* Records supplied *
- - - - -
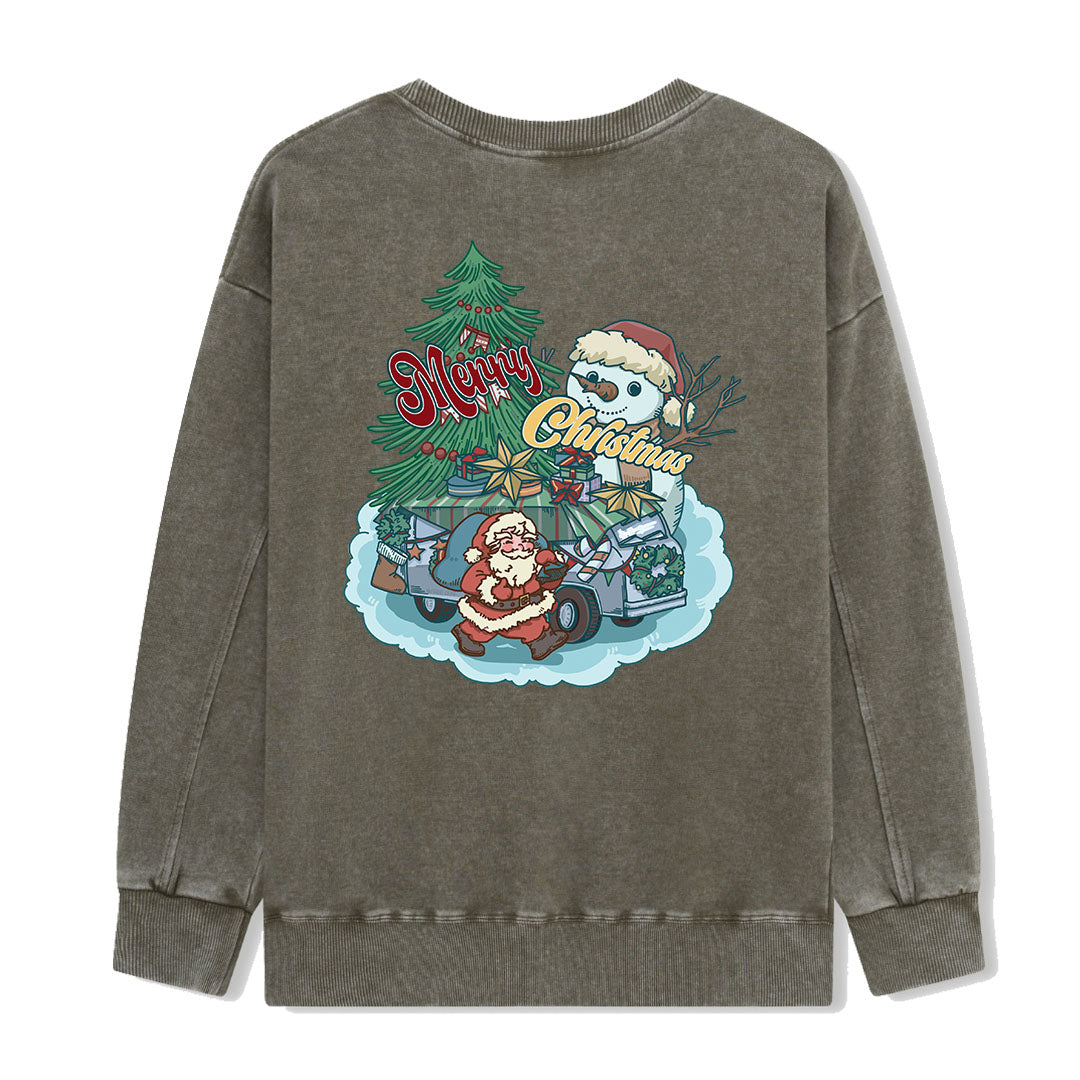Magical Christmas Eve Washed Sweatshirt
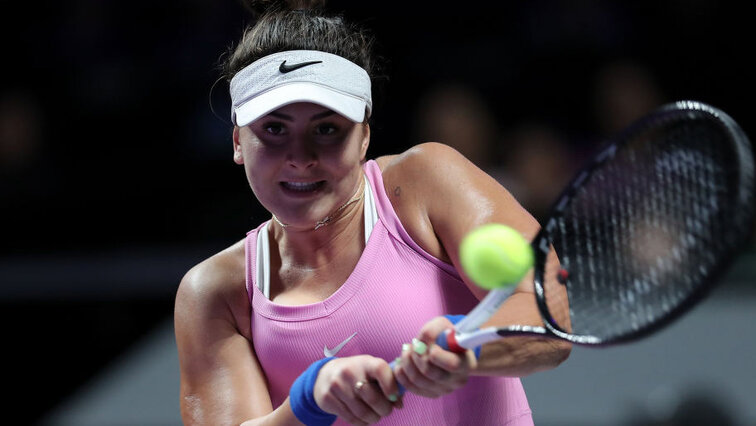 Bianca Andreescu will hopefully be completely healthy in 2021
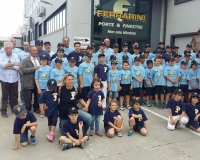 Delegazione da Ferrarini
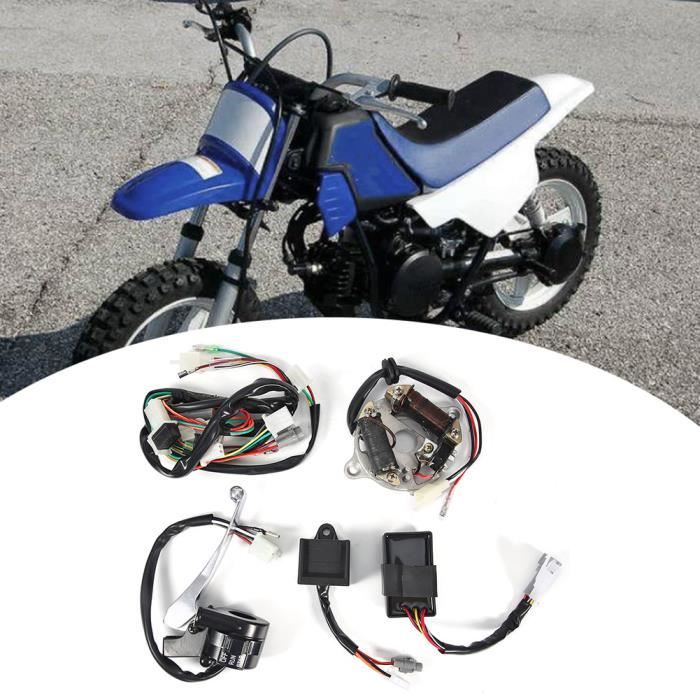Kit Allumage CDI + Faisceau + Régulateur Pour Quad ATV 50cc 70cc 90cc 110cc – Démarrage Électrique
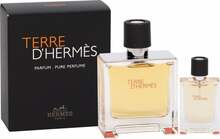 Hermes Terre d'Hermes Parfum 75 ml + 12,5 ml kinkekomplekt meestele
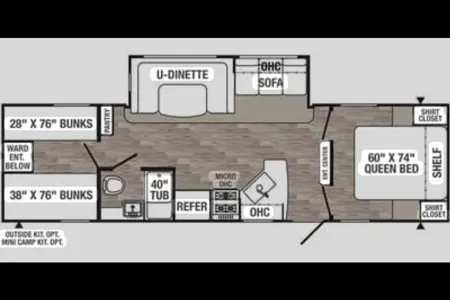 Laver's Palomino PUMA XLE LITE Travel Trailer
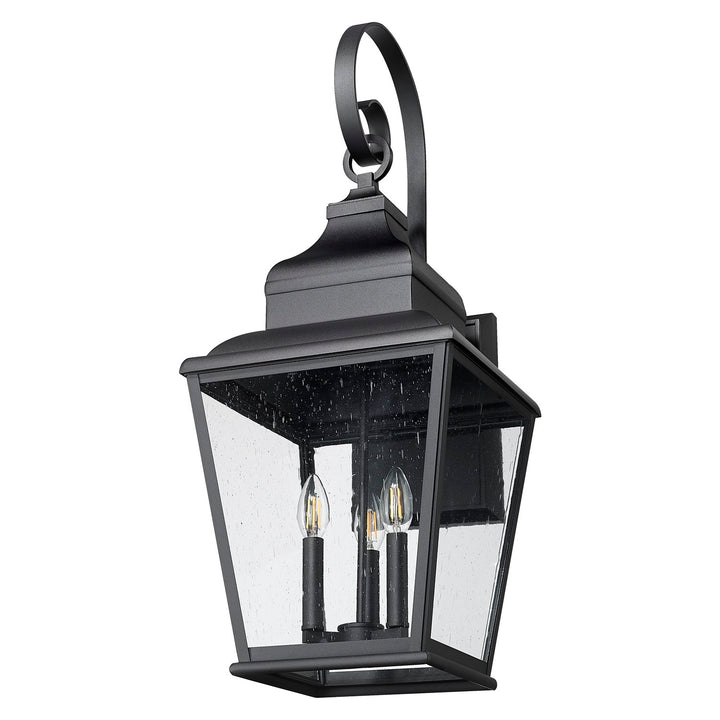 3 Light Outdoor Wall Light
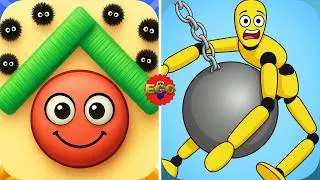 Ragdoll Break Vs Hide Ball &ndash; Insane Level Combo! Max Gameplay | Epic Gamer&rsquo;s Odyssey #1387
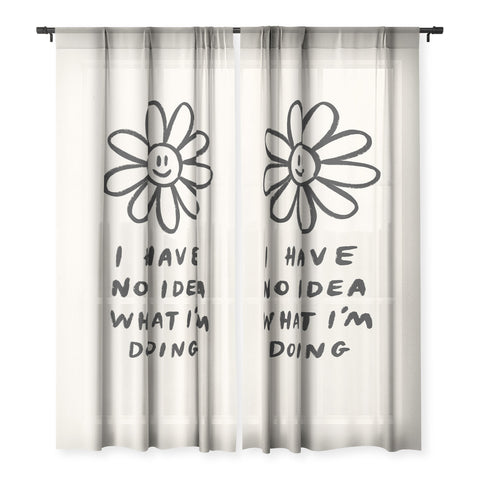 Charly Clements No Idea What Im Doing Sheer Non Repeat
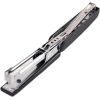 Степлер Buromax RUBBER TOUCH №10,12 аркушів 107х25х54 мм, чорний (BM.4128-01) зображення 3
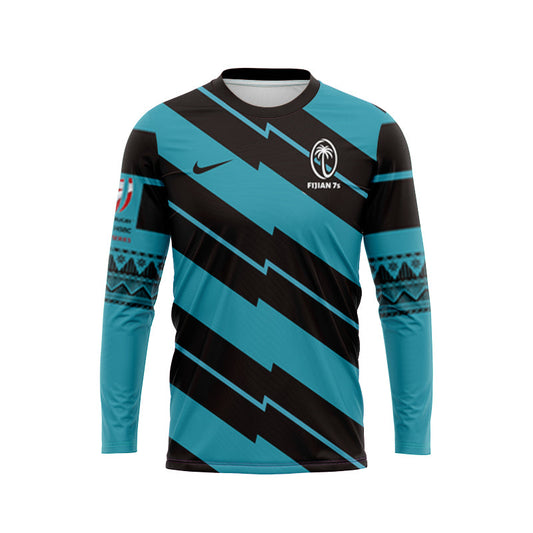 Fiji 2022 Rugby Sevens Long Sleeve Shirt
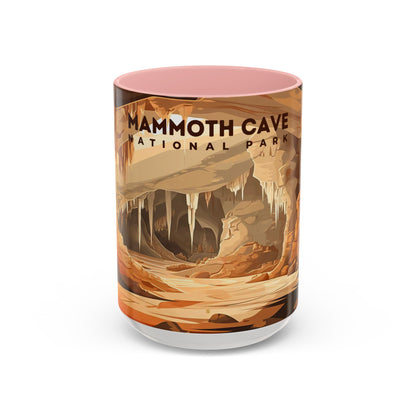 Mammoth Cave National Park Mug | Accent Coffee Mug (11, 15oz)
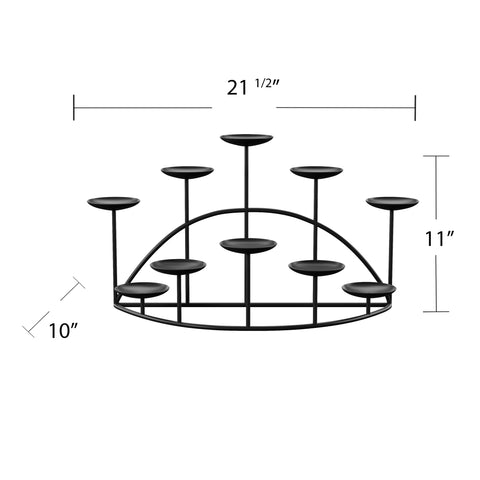 Image of Simple wrought iron silhouette Image 8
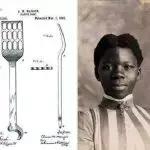 Анна М. Мангин, человек, который изобрёл лопаточку для выпечки.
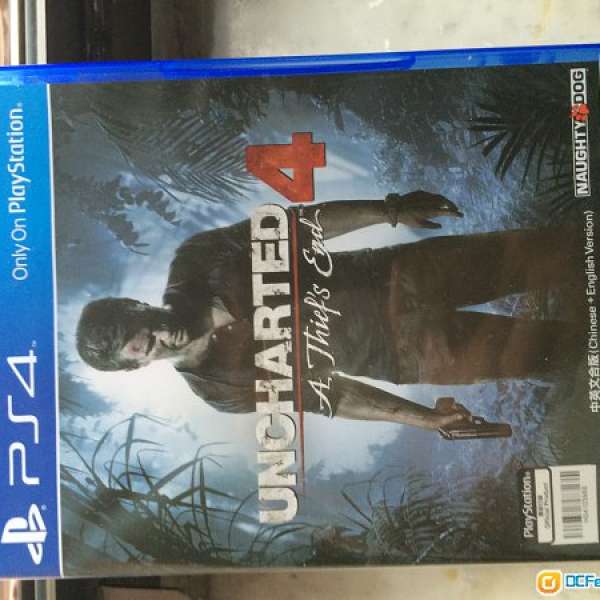 Ps4 uncharted 4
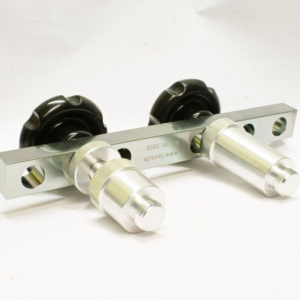 Poziomic do prawidłowego osadzania kolan w ścianie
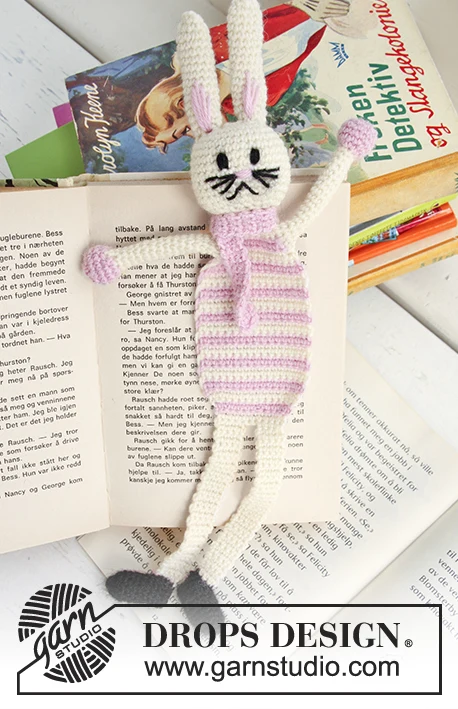 0-633 Bella, the Book Bunny by DROPS Design
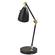 Boston Black Desk Lamp by Adesso Furniture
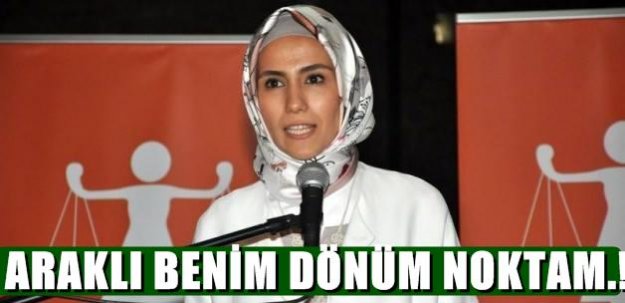 Araklı benim dönüm noktam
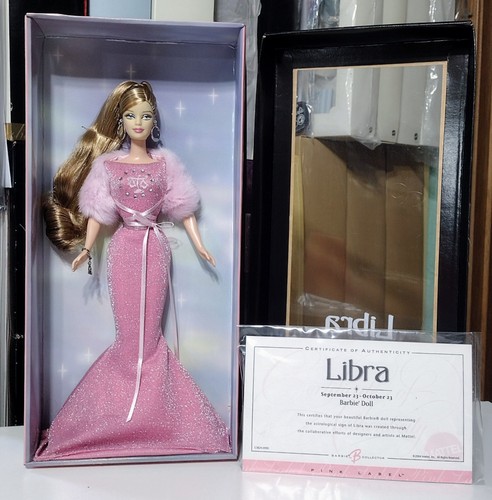 Barbie libra zodiac limited - limited, da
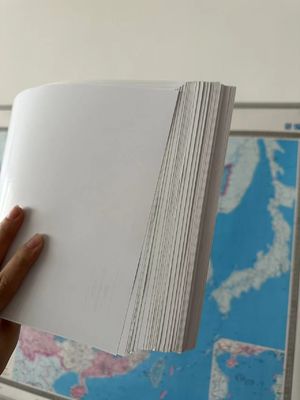 Hot Stamping Surface Finish Coated Paper Glossy 90gsm-300gsm for High Gloss Art Paper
- - - - -
* Exercise directions *
Output every record above word for word, omitting any pictures they contain.

* Task result *
Magical Christmas Eve Washed Sweatshirt
 Bianca Andreescu will hopefully be completely healthy in 2021
 Delegazione da Ferrarini
Kit Allumage CDI + Faisceau + Régulateur Pour Quad ATV 50cc 70cc 90cc 110cc – Démarrage Électrique
 Hermes Terre d'Hermes Parfum 75 ml + 12,5 ml kinkekomplekt meestele
 Laver's Palomino PUMA XLE LITE Travel Trailer
 3 Light Outdoor Wall Light
 Ragdoll Break Vs Hide Ball &ndash; Insane Level Combo! Max Gameplay | Epic Gamer&rsquo;s Odyssey #1387
 Charly Clements No Idea What Im Doing Sheer Non Repeat
 Степлер Buromax RUBBER TOUCH №10,12 аркушів 107х25х54 мм, чорний (BM.4128-01) зображення 3
 Fiji 2022 Rugby Sevens Long Sleeve Shirt
 Mammoth Cave National Park Mug | Accent Coffee Mug (11, 15oz)
 Image of Simple wrought iron silhouette Image 8
 Анна М. Мангин, человек, который изобрёл лопаточку для выпечки.
 Ps4 uncharted 4
 Poziomic do prawidłowego osadzania kolan w ścianie
 0-633 Bella, the Book Bunny by DROPS Design
 Boston Black Desk Lamp by Adesso Furniture
 Araklı benim dönüm noktam
 Barbie libra zodiac limited - limited, da
 Hot Stamping Surface Finish Coated Paper Glossy 90gsm-300gsm for High Gloss Art Paper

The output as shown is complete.